閲覧、いいね、ブックマークをありがとうございます!

 残業を終えて凍てついた空気に白い息を吐きながら熊本晃(くまもとあきら)が自宅の前に帰り着いたところで、リビングに煌々と明かりが付いている事に首を傾げる。

 いつもなら四歳の息子の皐太(こうた)と妻は子供部屋で既に休んでいるはずだ。

 何か有ったのかと心配しながら家の鍵を取り出す。厚手の皮手袋に覆われたままだと鍵が掴みにくくて仕方なく右手の手袋を脱ぐと冬の寒さに手が刺されるようだった。

 ようやく家に入ればほんわかと暖かい空気に包まれて、ホッと息をつく。

 左手の手袋も脱ぎながらリビングに入ると、「おかえりなさい」の声に迎えられた。

 とん、と軽い衝撃があって息子の皐太に抱き着かれたことに気付いた。


「ただいま。まだ寝てなかったのか」

「皐太がどうしてもパパにお願いしたい事があるんだって」


 明日は休日とはいえ、二十一時を過ぎても起きている息子に小言を言うと妻が慌てて止めてきた。

 熊本の足にしがみついてお願いとばかりに見上げてくる息子に降参してソファーへと座らせると自分も脱いだコートを妻に預けてネクタイを緩めながら息子の隣に座る。

 付きっぱなしのテレビが、どこかの池だか湖だかで身元不明の遺体が見つかったとか伝えてくるニュースが気になったが皐太はお構い無しに話し始めた。


 息子の話をまとめるとどうやらサンタクロースに会いたいらしい事が分かった。幼稚園の友達に『サンタはいない』と言われてケンカした事をあっちこっちに話を飛ばしながら説明してくれた。

 クリスマスイブに皐太と一緒に夜更しをしてサンタさんを待つ約束をした。可愛らしいお願いではあるが、皐太のサンタクロースは、プレゼントを枕元に置いている熊本なのだから、自分が一緒に待っていたら永遠に来るわけがない。

 まぁまだ四歳だから朝までには寝てしまう事を待つしかないか。

 熊本がそんな事を頭の中で計算しながら、皐太のお願いに頷くと皐太も妻も満足そうに笑って子供部屋に行った。


 一人になったリビングでさてどうするか、と考えるが、やはり皐太が寝落ちするのを待つ以上の案は考えられない。

 テレビはいつの間にかニュースが終わってコマーシャルになっていた。

 そこには香川なんとかとかいう名前の女性アイドルが映っている。亡くなった親友から誕生日プレゼントを貰ったという内容のコマーシャルだった。TTSとかいう聞き慣れない会社のコマーシャルだが、『未来に荷物を届ける』サービスらしい。一言でそう言われてもいまいちピンとこない。

 テレビの中では、香川の前に、急に赤い光と共にショートケーキとメッセージカードが現れて、香川が目を丸くして驚いている。香川が恐る恐る手を伸ばしてカードを開くと丸かった目があっという間に細められその目には涙が溢れてくる。

 それは、数日前に手術をして助からなかった親友からの贈り物だった……。

 この内容が、台本なのか実話なのかは知らないが、赤い光と共に荷物が届くというところに熊本は惹かれた。


 偶然にも熊本が勤める会社は、三田(みた)にあり、TTSの実店舗を桜田通り沿いに見掛けていたのだ。

 昼休みにでも仕事帰りでもいいから、一度行ってみようと考えた。


 翌日、熊本は仕事帰りにTTSへと向かうことにした。既に十二月の半ばになっているので、定時すぐのこの時間はどこかしらからクリスマスソングが流れ、赤と緑のクリスマスカラーが溢れていた。
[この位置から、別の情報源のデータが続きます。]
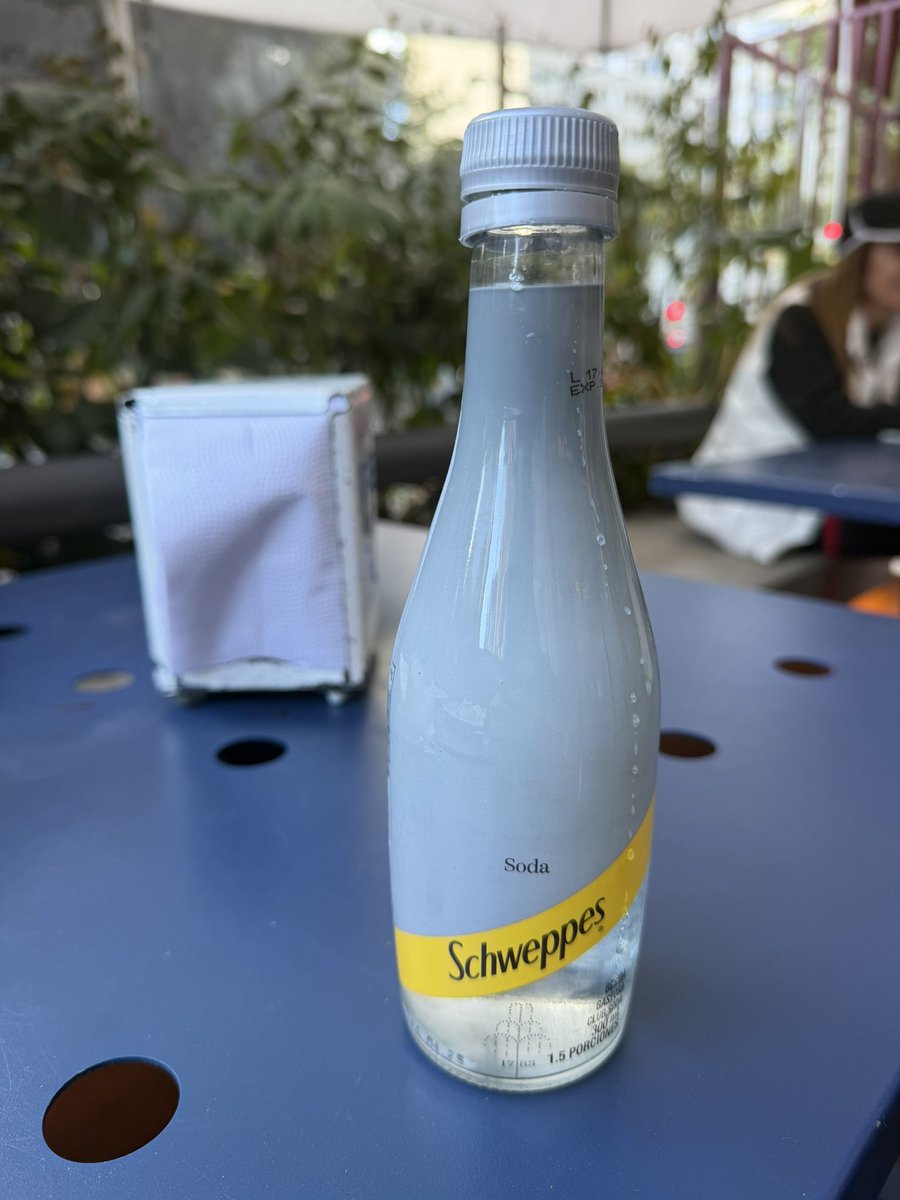 jsanin's tweet photo. Yo, honestamente, no entiendo esto. La Bretaña es, sin exagerar, uno de los mejores productos de este país, pero, inexplicablemente, estamos ahora llenos de esta soda flojísima en todos los restaurantes. Falta de gusto y de dignidad. https://t.co/ODfAUUSK2S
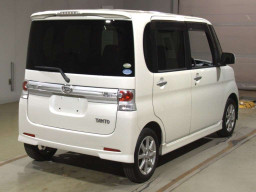 2011 Daihatsu Tanto Custom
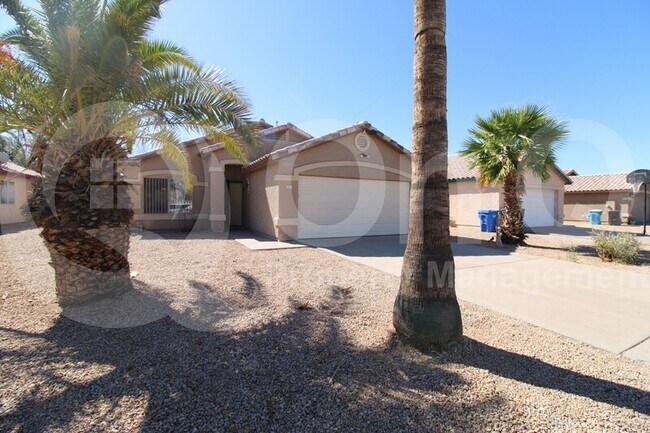 4105 West Myrtle Ave Phoenix, AZ 85051 photo 2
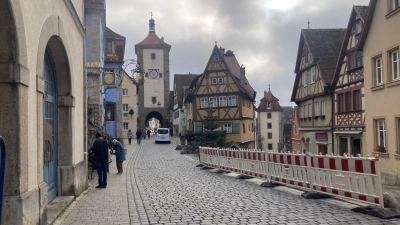 Das berühmte Plönlein-Fotomotiv sieht gerade etwas anders aus als sonst. Eine unbekannte Person hat die Poller angefahren. Ein Schrankenzaun ist die Folge. (Foto: Clarissa Kleinschrot)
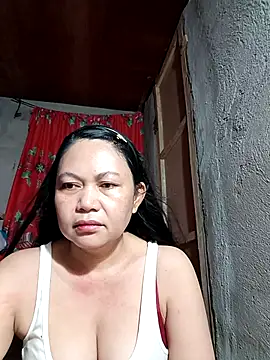 Snapshot of Everleigh_mom chatting on October 11, 8:10 pm Everleigh mom online show from October 11, 8:10 pm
 TTSと書かれたガラスの自動ドアが開くと柔らかい女性の声で「いらっしゃいませ」と迎え入れられ、キャビンアテンダントのようなまとめ髪と紺色のスーツ姿の店員に案内されて、白い椅子に座った。

 まだ知名度の低いサービスだからか他のお客の姿は見えない。


 胸に宮なんとかという名札を付けている店員からサービス内容を丁寧に説明されて、三時間後に届けるならば680円かと、思っていたよりも安い価格に熊本はホッとした。皐太の夢を守ると思えば安すぎる価格だ。

 三時間後から六時間後の一分前まで同じ価格帯なので、荷物を預けてから家に帰れるし、なんなら余裕で晩御飯と風呂を済ませる事も出来るだろう。

 後は皐太と一緒に子供部屋でプレゼントが届くのを待てばいいのだ。


 プレゼントの代わりに渡される予定のタグは、コインロッカーの鍵に付いているような楕円形の透明なプラスチックっぽい板だった。

 厚みはそんなにないので、枕元に置く大きな赤い靴下の中に放り込んでおけば目立たない。

 サンタの姿を見ることは出来ないが、少なくとも急に現れたプレゼントを見てサンタクロースの正体は親だ、とは思わないだろう。

 「是非ご検討下さい」と店員が笑顔で差し出したパンフレットをビジネスバッグにしまい込むと、熊本は店を後にした。


 家に帰るとすぐに子供部屋で寝ている息子を起こさないように妻だけをリビングに連れ出すと、パンフレットを見せて説明した。最初は寝ぼけた頭で理解が追い付かない妻だったが、二度目の説明でなんとか分かったらしく、嬉しそうに賛同してくれた。

 押し入れの奥に隠されている息子へのクリスマスプレゼントは、近所のショッピングストアの名前がプリントされた紙袋に入っていた。

 熊本が紙袋の中を覗くと赤い袋と緑のリボンでラッピングが見える。

 これはもう一度押し入れの奥にしまって、後日、会社に持っていく事にする。足元が狭くなるが当日までデスクの下にでも置いておくことにしよう。妻にはコレが入る靴下を用意してもらうようお願いした。